(Instructions to follow) Your response should be the lines from the one containing "Land in Battle Creek 4" through the end of the material, copied exactly and with nothing added.

(Working data)
BEGIN
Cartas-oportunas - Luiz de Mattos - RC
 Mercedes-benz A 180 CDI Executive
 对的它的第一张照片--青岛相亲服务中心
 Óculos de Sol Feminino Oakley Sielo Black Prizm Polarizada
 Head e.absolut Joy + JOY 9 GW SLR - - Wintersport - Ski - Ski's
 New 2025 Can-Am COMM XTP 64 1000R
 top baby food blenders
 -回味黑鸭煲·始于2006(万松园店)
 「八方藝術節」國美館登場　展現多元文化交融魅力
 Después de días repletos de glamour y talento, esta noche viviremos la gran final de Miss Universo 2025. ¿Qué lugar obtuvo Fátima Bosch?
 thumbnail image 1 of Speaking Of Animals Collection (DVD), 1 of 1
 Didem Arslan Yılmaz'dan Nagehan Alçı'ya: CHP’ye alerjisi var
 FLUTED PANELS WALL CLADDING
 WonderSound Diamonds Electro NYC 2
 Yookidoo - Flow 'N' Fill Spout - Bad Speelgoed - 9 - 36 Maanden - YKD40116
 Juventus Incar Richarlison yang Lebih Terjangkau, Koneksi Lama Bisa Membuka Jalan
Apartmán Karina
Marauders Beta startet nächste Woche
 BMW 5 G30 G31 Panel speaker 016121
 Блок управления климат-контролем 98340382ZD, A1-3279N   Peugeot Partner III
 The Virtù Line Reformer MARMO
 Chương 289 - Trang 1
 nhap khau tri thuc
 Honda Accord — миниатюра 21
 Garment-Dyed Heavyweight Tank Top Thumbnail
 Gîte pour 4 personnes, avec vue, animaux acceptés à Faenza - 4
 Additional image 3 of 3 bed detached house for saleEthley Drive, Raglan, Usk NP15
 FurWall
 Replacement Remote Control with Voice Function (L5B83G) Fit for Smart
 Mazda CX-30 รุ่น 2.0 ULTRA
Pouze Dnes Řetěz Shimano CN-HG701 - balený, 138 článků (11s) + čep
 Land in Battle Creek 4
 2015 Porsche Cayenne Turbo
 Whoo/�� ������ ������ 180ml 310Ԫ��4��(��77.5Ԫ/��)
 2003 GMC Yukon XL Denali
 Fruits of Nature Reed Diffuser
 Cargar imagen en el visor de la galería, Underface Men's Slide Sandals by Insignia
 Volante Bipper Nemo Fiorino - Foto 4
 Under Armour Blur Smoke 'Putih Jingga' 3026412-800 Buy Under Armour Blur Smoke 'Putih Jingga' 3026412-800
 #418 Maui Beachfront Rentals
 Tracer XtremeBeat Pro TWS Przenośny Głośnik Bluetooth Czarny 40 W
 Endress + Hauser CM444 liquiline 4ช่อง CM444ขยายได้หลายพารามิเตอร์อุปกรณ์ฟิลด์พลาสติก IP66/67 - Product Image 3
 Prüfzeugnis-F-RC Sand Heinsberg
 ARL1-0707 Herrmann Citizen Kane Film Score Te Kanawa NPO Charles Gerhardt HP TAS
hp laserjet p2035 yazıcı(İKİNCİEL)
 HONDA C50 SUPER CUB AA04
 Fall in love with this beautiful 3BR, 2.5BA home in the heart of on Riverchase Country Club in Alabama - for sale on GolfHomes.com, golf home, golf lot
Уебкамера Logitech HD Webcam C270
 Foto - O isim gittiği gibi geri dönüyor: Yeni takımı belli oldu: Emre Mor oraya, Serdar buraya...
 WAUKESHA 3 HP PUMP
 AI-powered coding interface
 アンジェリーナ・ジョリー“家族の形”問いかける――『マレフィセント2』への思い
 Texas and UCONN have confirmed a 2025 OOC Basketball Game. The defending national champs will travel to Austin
END
(Task response)
 Land in Battle Creek 4
 2015 Porsche Cayenne Turbo
 Whoo/�� ������ ������ 180ml 310Ԫ��4��(��77.5Ԫ/��)
 2003 GMC Yukon XL Denali
 Fruits of Nature Reed Diffuser
 Cargar imagen en el visor de la galería, Underface Men's Slide Sandals by Insignia
 Volante Bipper Nemo Fiorino - Foto 4
 Under Armour Blur Smoke 'Putih Jingga' 3026412-800 Buy Under Armour Blur Smoke 'Putih Jingga' 3026412-800
 #418 Maui Beachfront Rentals
 Tracer XtremeBeat Pro TWS Przenośny Głośnik Bluetooth Czarny 40 W
 Endress + Hauser CM444 liquiline 4ช่อง CM444ขยายได้หลายพารามิเตอร์อุปกรณ์ฟิลด์พลาสติก IP66/67 - Product Image 3
 Prüfzeugnis-F-RC Sand Heinsberg
 ARL1-0707 Herrmann Citizen Kane Film Score Te Kanawa NPO Charles Gerhardt HP TAS
hp laserjet p2035 yazıcı(İKİNCİEL)
 HONDA C50 SUPER CUB AA04
 Fall in love with this beautiful 3BR, 2.5BA home in the heart of on Riverchase Country Club in Alabama - for sale on GolfHomes.com, golf home, golf lot
Уебкамера Logitech HD Webcam C270
 Foto - O isim gittiği gibi geri dönüyor: Yeni takımı belli oldu: Emre Mor oraya, Serdar buraya...
 WAUKESHA 3 HP PUMP
 AI-powered coding interface
 アンジェリーナ・ジョリー“家族の形”問いかける――『マレフィセント2』への思い
 Texas and UCONN have confirmed a 2025 OOC Basketball Game. The defending national champs will travel to Austin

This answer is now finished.